Three related hexagrams from the canonical combinatorics. Click to explore their fiche.

Frequently asked

Is the waiting of the I Ching the same as passivity?
No, and this is precisely the central distinction of this hexagram. Passivity is a withdrawal by default, often from fear or weariness; one does not act because one does not know what to do or does not dare. The waiting of Xū is a chosen, lucid posture, which recognises that acting now would be precipitate and that time itself is working for the situation. It is inhabited — by nourishment, serenity, preparation — whereas passivity is hollow. To put it in a phrase: passivity endures time, waiting uses it.
How long must one wait when this hexagram appears?
The I Ching never gives a precise calendar: it describes qualities of moment, not durations. But hexagram 5 suggests that the waiting is significant enough that one should stop counting it in days. The moving lines give indications: if line 5 is moving, the threshold is near; if it is line 1, there is still some way to go. The best attitude is to free oneself from the "how long" question — it is precisely this obsession with delay that turns fertile waiting into anxious waiting.
What should one do concretely during this period of waiting?
The Great Image gives a surprisingly simple answer: eat, drink, remain serene.

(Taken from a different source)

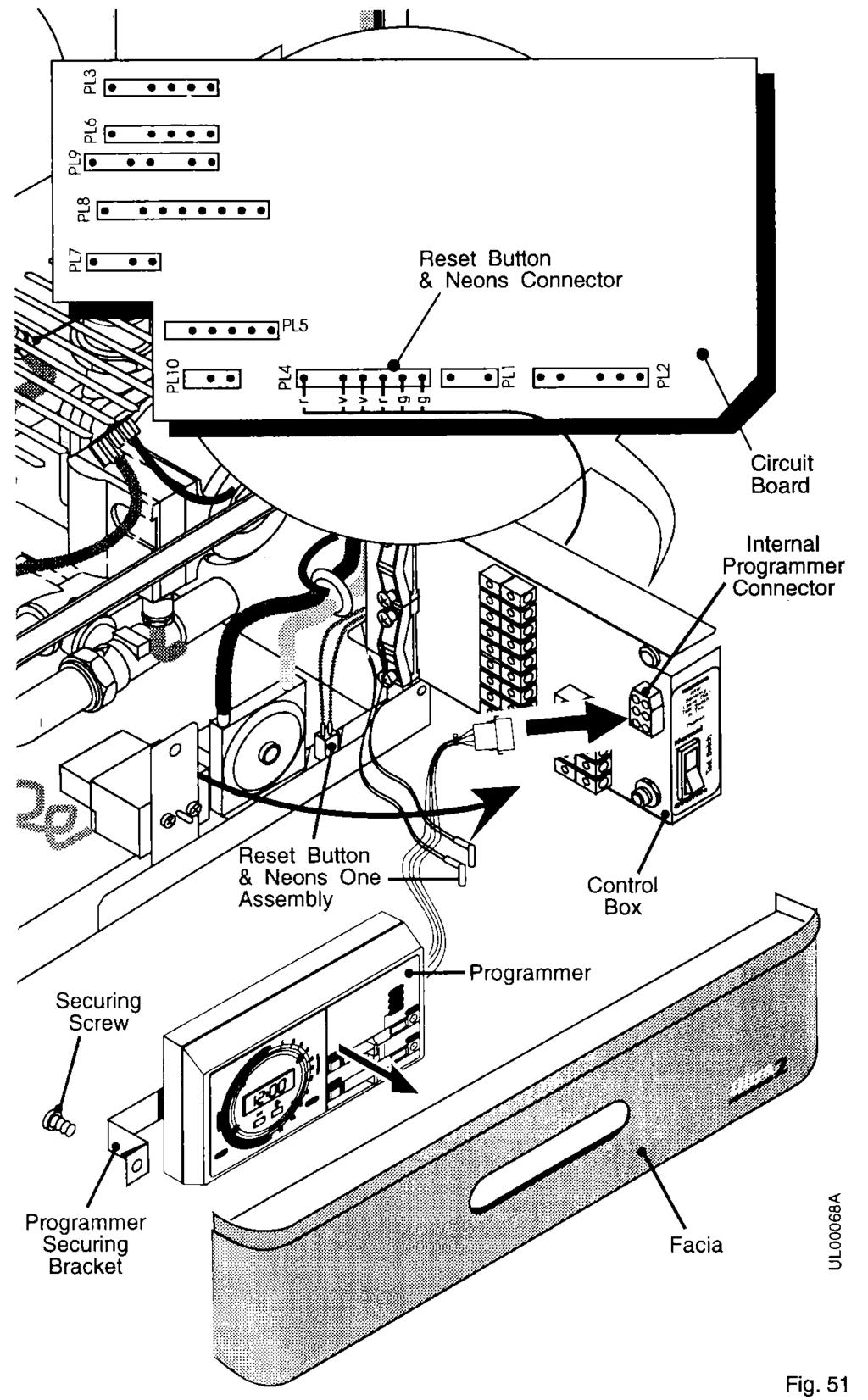 Replacement of Parts - Page 43 6.10 Ignition Circuit Board 1. Gain General Access - See Section 6.1, Paragraph 1. 2. Disconnect all wiring harness connectors and the electrode lead from the board.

Concretely: take care of one's base — body, sleep, food, light sociability — rather than mobilising all one's energy on what is awaited. Continue one's usual occupations with regularity. Strengthen what will be useful at the moment of passage: skills, resources, alliances, inner clarity. And above all: do not load the waiting with dramatic intensity. It is this recovered lightness that makes one available when the hour comes.
How does one know when the waiting is over and it is time to act?
The moment of passage is recognised by several signs: the outer situation offers a clear opening (and not an opportunity fabricated by anticipation), inner energy mobilises spontaneously toward action, hesitation disappears without having to be forced. As long as one hesitates, it is still time to wait. When the gesture imposes itself as obvious, the moment has come. The sixth line also reminds us that the passage can take a wholly unexpected form: being available to what was not foreseen is part of right waiting.